Common use of Company Top-Up Shares Clause in Contracts

Company Top-Up Shares. (a) If in respect of the Forward Sale Agreement and/or any Additional Forward Sale Agreement, as applicable (i) all the Conditions are not satisfied on or prior to the Initial Closing Date or, in respect of any Additional Forward Sale Agreement entered into pursuant to Section 2(b)(iii) hereof, all the Additional Conditions are not satisfied on or prior to the related Option Closing Date, if any, as the case may be, and the Forward Seller elects, pursuant to Section 2(c) or 2(d) hereof, as the case may be, not to deliver the Forward Underwritten Shares or the Forward Option Shares, as applicable, otherwise deliverable by such Forward Seller, (ii) in the Forward Purchaser’s good faith and commercially reasonable judgment, the Forward Seller is unable to borrow and deliver for sale under this Agreement the full number of shares of Common Stock equal to the number of the Forward Underwritten Shares or the Forward Option Shares, as applicable, to be otherwise borrowed and delivered for sale by the Forward Seller hereunder or (iii) in the Forward Purchaser’s good faith and commercially reasonable judgment, either it is impracticable to do so or the Forward Seller would incur a Stock Loan Fee (as defined under the Forward Sale Agreement or Additional Forward Sale Agreement, as applicable) of more than a rate equal to 25 basis points per annum to do so, then, in each case, the Company shall issue and sell to the Underwriter, pursuant to Section 2(b)(ii) or 2(b)(iv) hereof, as the case may be, in whole but not in part, an aggregate number of shares of Common Stock equal to the number of Forward Underwritten Shares or Forward Option Shares, as the case may be, that the Forward Seller does not so deliver and sell to the Underwriter.

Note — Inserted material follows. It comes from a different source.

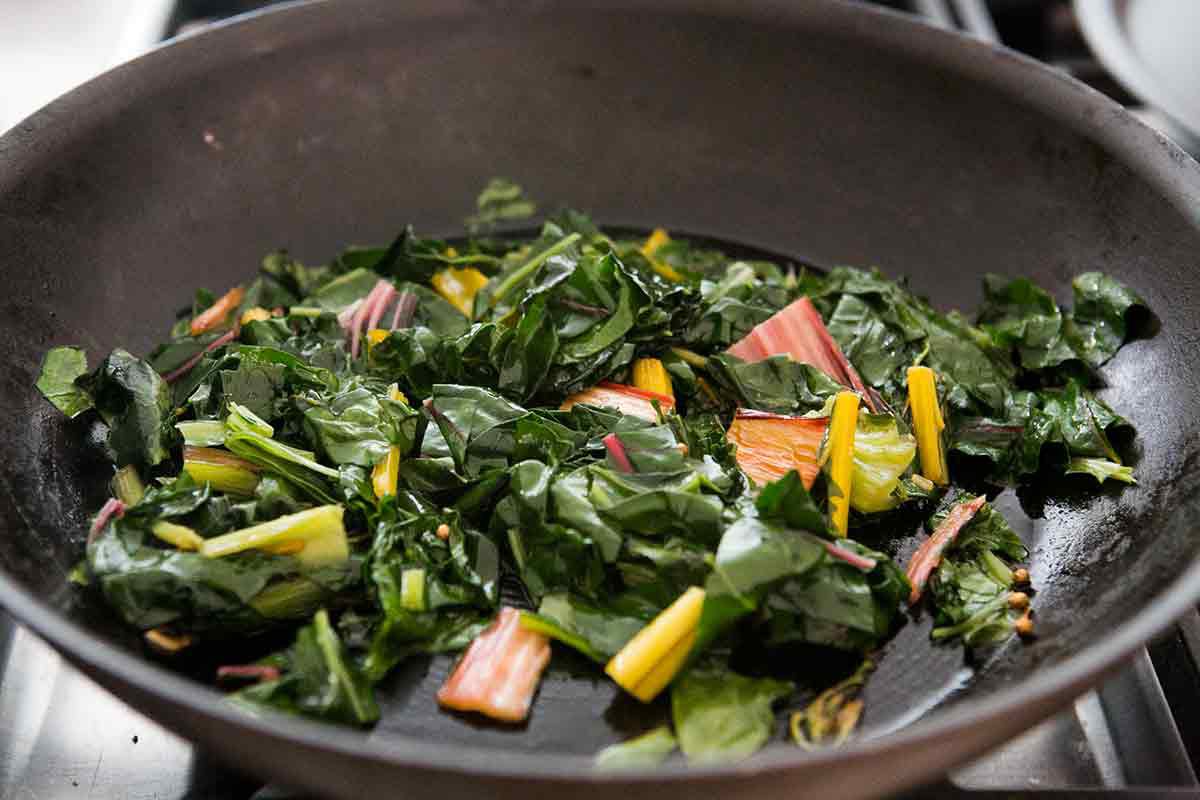 Swiss chard cooked down in a pan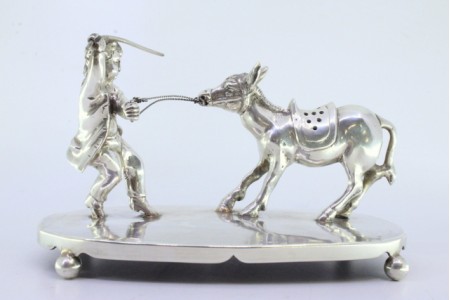 Paliteiro em prata com criança puxando burro assente em base lisa com quatro pés redondos.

In connection with any such issuance and sale by the Company, the Company or the Underwriter shall have the right to postpone the Initial Closing Date or the related Option Closing Date, as the case may be, for a period not exceeding two business days in order to effect any required changes in any documents or arrangements. The shares of Common Stock sold by the Company to the Underwriter pursuant to this Section 12 in lieu of Forward Underwritten Shares are referred to herein as the “Company Top-Up Underwritten Shares,” and the shares of Common Stock sold by the Company to the Underwriter pursuant to this Section 12(a) in lieu of Forward Option Shares are referred to herein as the “Company Top-Up Option Shares.”

Appears in 2 contracts

Samples: ONE Gas, Inc., ONE Gas, Inc.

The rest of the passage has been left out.